DecidedApril 12, 1988
Docket15-31229
StatusPublished
Cited by10 cases

This text of 84 B.R. 863 (In Re Summit Communities of Florida, Inc.) is published on Counsel Stack Legal Research, covering United States Bankruptcy Court, S.D. Florida. primary law. Counsel Stack provides free access to over 12 million legal documents including statutes, case law, regulations, and constitutions.

Bluebook
In Re Summit Communities of Florida, Inc., 84 B.R. 863, 1988 Bankr.
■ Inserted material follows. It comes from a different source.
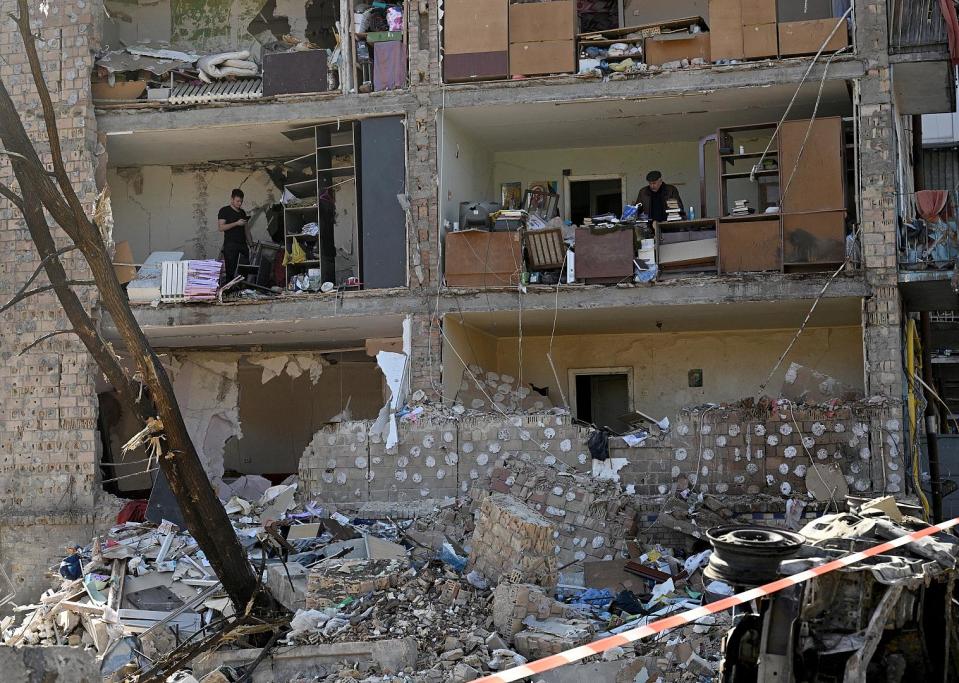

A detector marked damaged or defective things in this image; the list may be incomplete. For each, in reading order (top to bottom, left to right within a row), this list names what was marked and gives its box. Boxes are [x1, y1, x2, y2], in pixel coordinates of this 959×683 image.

damaged brick wall [0, 0, 111, 600]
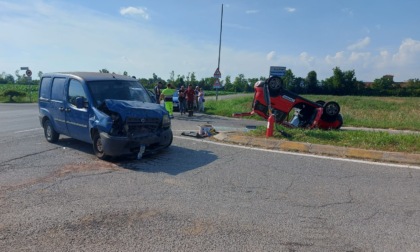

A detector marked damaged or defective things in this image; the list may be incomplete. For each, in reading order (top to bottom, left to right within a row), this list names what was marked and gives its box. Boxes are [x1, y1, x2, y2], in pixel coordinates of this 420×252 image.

LEXIS 496 (Fla. 1988).

Opinion

FINDINGS OF FACT AND CONCLUSIONS OF LAW PERTAINING TO ORDER AUTHORIZING AND AWARDING PAYMENT OF COMPENSATION TO PROFESSIONALS

SIDNEY M. WEAVER, Bankruptcy Judge.

THIS CAUSE having come before the Court for hearing on the applications for compensation of Jeffrey H. Beck, General Counsel for the Debtor (hereinafter referred to as “General Counsel”); Harvey Kopelowitz, Special Counsel for the Debtor (hereinafter referred to as “Special Counsel”); C. Daryl Hollis, Accountant for the Debtor (hereinafter referred to as “Accountant”); and Ray Ronk, Executive Director of the Debtor (hereinafter referred to as “Executive Director”), the Court having entered its Order dated January 25, 1988, authorizing and awarding the payment of fees and bonuses to the aforesaid individuals (hereinafter referred to collectively as “Applicants”), and Midlantic National Bank and Trust Company/Florida and Midlantic National Bank, the Co-Indenture Trustees under the Bond Issue which originally financed the Debtor’s operations having requested that the Court enter findings of fact and conclusions of law, the Court does hereby, based upon the record of this case and related adversary proceedings as evidenced by the various Court files, the hearings held before this Court, and the uncontroverted presentations of the Applicants, enters the following Findings of Fact and Conclusions of Law:

FINDINGS OF FACT

The within bankruptcy proceeding was initiated by the Debtor when it filed its voluntary Chapter 11 petition on January 28, 1986. Debtor’s business consisted of the operation of an adult congregate living facility in Coral Springs, Florida, comprising 215 living units, a 35 bed nursing facility and other ancillary properties.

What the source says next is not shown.